Investing in real estate is a popular investment vehicle, particularly for the middle-upper class. While excitement about real estate investing has been tempered due to the mortgage crisis, property prices are falling to the point where investors are once again thinking about buying real estate.
However, investing in real estate is not like investing in the stock market. It is much less of a passive investment, as running a rental property or fixing up a house requires a lot more work than buying a stock.
How to Invest in Real Estate
Learning how to invest in the real estate is not an easy process. There are a lot of things that go into buying a house. First off, before you even look for a house, you have to figure what type of investment you want to make. There are two primary ways to make money off of real estate:
- By renting out the property.
- Through appreciation of the property’s value.

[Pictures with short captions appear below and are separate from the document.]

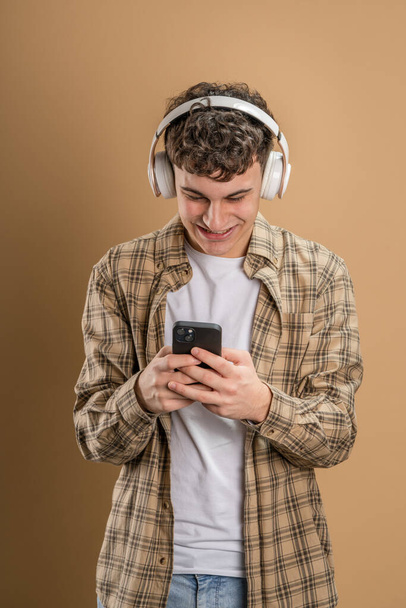 Beyaz tenli genç bir adam bej arka planda çekim yapıyor. Kulaklıklı cep telefonu kullanıyor. Müzik mesajlar gönderiyor ya da internetteki uygulamaları kopyalıyor. - Fotoğraf, Görsel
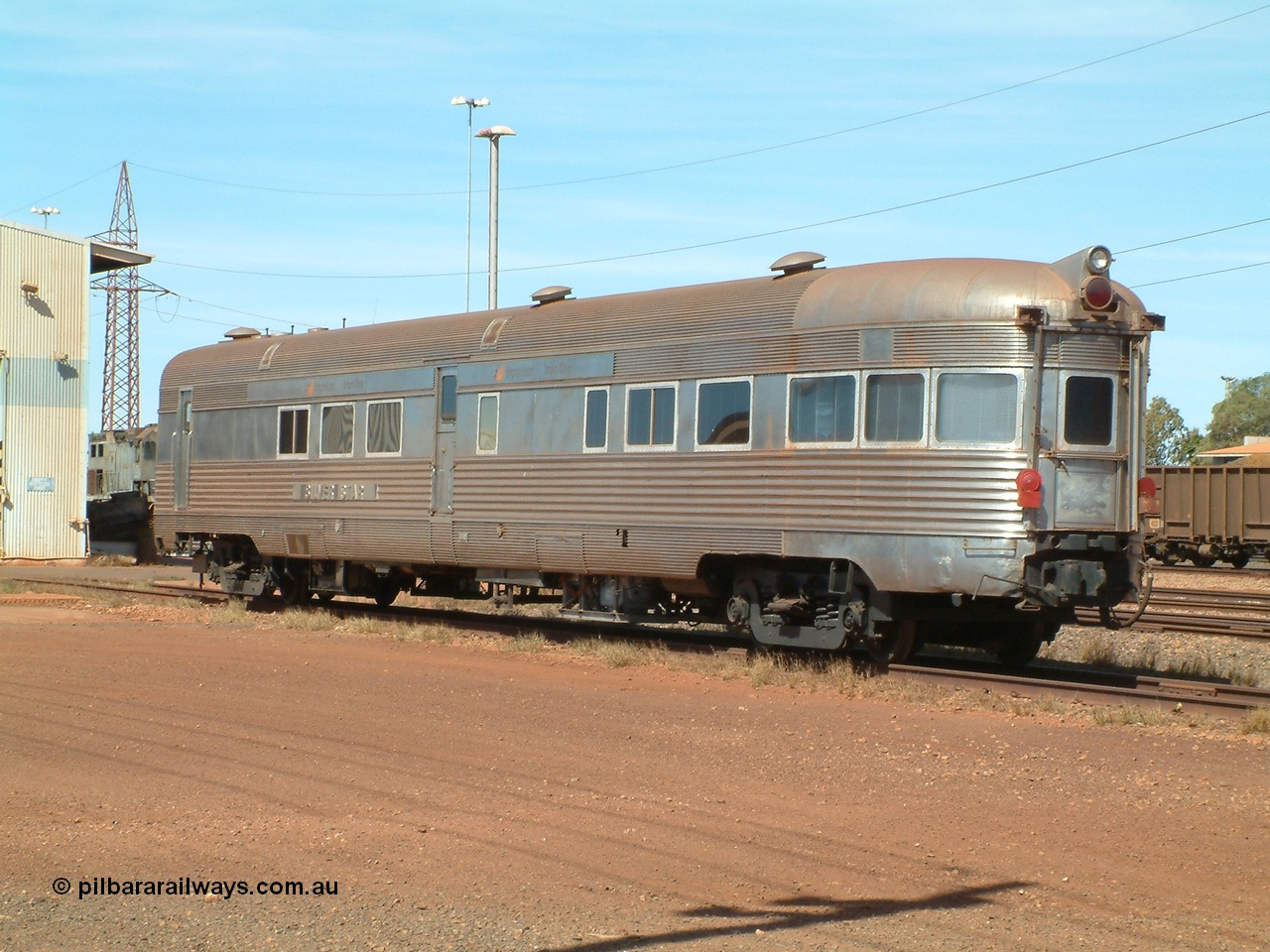 040912 142134
Nelson Point, Silver Star observation coach, 'Sundowner', 3/4 view from rear end. Originally built by E. G. Budd in 1939 numbered 301 as the Silver Star as a diner-parlour-observation coach on the Chicago, Burlington and Quincy Railroad's General Pershing Zephyr train from the 1930s and 1940s. Donated to Mt Newman Mining Co. by AMAX an original joint venture partner to commemorate the projects first 100 million tonnes of iron ore railed between Mount Whaleback mine and the Port Hedland port.
Keywords: Silver-Star;EG-Budd;Sundowner;General-Pershing-Zephyr;301;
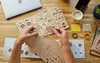Hands assembling a wooden 3D puzzle on a wooden desk with a laptop, coffee, and other small items. Anteprima dell’immagine prodotto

After the mortgage crisis, many investors have looked towards profit from rentals rather than appreciation as a means of investing. The reason for this is rental prices may not always fall during a recession, whereas property value can drop sharply during this time. Rent can sometimes even increase during recessions as people are more reluctant to buy real estate during this time.
One investment model would be to disregard appreciation and focus on finding a property where real estate values have fallen to the point where rental prices may bring in more money than the mortgage. Eventually, rent will pay off the mortgage and it will be “all profit”.

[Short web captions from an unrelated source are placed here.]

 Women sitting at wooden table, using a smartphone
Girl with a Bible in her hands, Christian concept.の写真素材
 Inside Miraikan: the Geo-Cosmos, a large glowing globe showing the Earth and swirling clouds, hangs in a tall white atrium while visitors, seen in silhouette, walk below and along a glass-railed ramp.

Some investment models rely on appreciation of the property’s value rather than making a profit on rent. This is often the case in vacation properties, where condo or association fees and off-seasons may prevent the owner from generating much (if any) profit from rent until the mortgage is paid off.
Naturally, most properties will rely on both methods in order to generate a return on your investment, but you should consider both factors when analyzing an investment property.
Investing in Real Estate – Negative Factors
Not only do you have analyze means through which your property can generate revenue, you need to understand the different ways through which your property may bleed value.
Before buying an investment house, you need an inspector, an agent, and a lawyer, just like with a normal home. If you are buying into a home that has already been lived in, you should realize that many houses need a lot of work (sometimes 5-6 figures worth of work) before they are deemed “livable”.
Do not get the mistake of looking at your property through rose-colored glasses. Do not fall in love with your property – it is not your home but your investment. Always have an inspector check the property and get estimates for any needed repairs and make sure any calculations you make include these costs. Additionally, compare the property’s value to rental prices in the area, and projections for the value of real estate in that area.
How to Invest in Real Estate – Getting a Loan
Unless you have the money to purchase a property up-front, you will need to get a loan for your investment property. Getting a loan for your investment property is much, much harder (especially after the mortgage crisis) then it is for a first-time home-buyer. Banks know investors will default on their investment loans before they default on their own homes and risks are adjusted with that in mind.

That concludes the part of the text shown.